A federal judge in Brooklyn received a smattering of angry letters after he reversed a jury’s conviction in June and ruled in favor of the “mafia cops,” two men who allegedly murdered for the mob while serving as detectives.

The judge, Jack Weinstein, earlier had said that the crimes the men, Louis Eppolito and Stephen Caracappa, were accused of may have been the worst ever tried in the federal courthouse in Brooklyn.

It thus follows that Judge Weinstein, one of New York’s most famous federal trial judges, certainly could not have expected any fan mail when he threw out the convictions on a statute of limitations technicality.

Not all of the mail was negative. Judge Weinstein yesterday placed an unusual letter of thanks in the case file. The letter came from a mother on the eve of her son’s trial in a different courthouse before a different judge. The mother is Victoria Gotti Sr. Her son, John Gotti Jr., is now on trial in court in federal court in Manhattan.

The eight-line note, written last month, represents a strange convergence of two of this year’s highest profile mob cases.

She writes: “Those two men, Epolitta and Carracappa need to thank their lucky stars for your wisdom and fairness.”

In her typed letter, Mrs. Gotti considers less the fate of Messrs. Eppolito and Caracappa, who remain in jail on drug charges, than she does her son’s fate.

“I am a person that was totally, totally disillusioned with the justice system, you have restored my hope that my own son may have a second chance, or should I say a second chance at life,” Mrs. Gotti wrote.
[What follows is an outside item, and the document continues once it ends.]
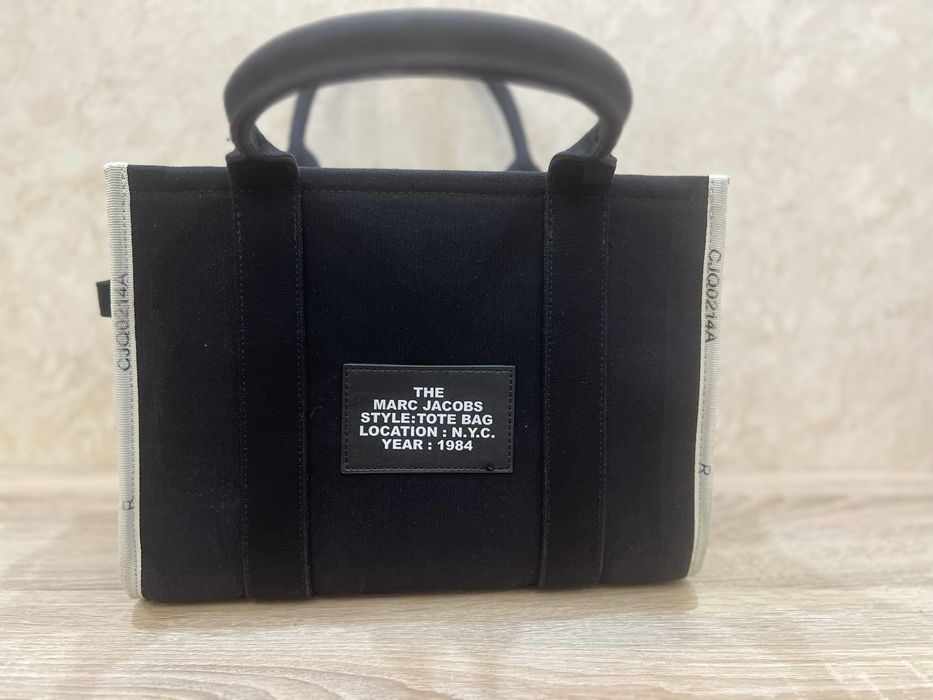 Сумка чорного кольору THE TOTE BAG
In federal court in Manhattan yesterday before Judge Shira Scheindlin, a jury was being selected to try Gotti on charges that he ordered two 1992 attacks on a talk show radio figure, Curtis Sliwa. It is Gotti’s third trial on the charges following two deadlocked juries. Gotti’s father, Gambino crime boss John Gotti, died in prison on a racketeering conviction.

Legal observers ascribed different motives to the unusual letter.

“She wants her son just like she wanted her husband and she just doesn’t want to lose another John Gotti to crime,” the attorney who represented Mr. Caracappa at trial, Edward Hayes, said. “She is just desperately finding some way to be heard.”

Bruce Cutler, the longtime defense attorney of the elder John Gotti and the lawyer for Mr. Eppolito, said: “She is strong-willed and opinionated and she felt a kinship with a judge who was doing something that he felt was right.”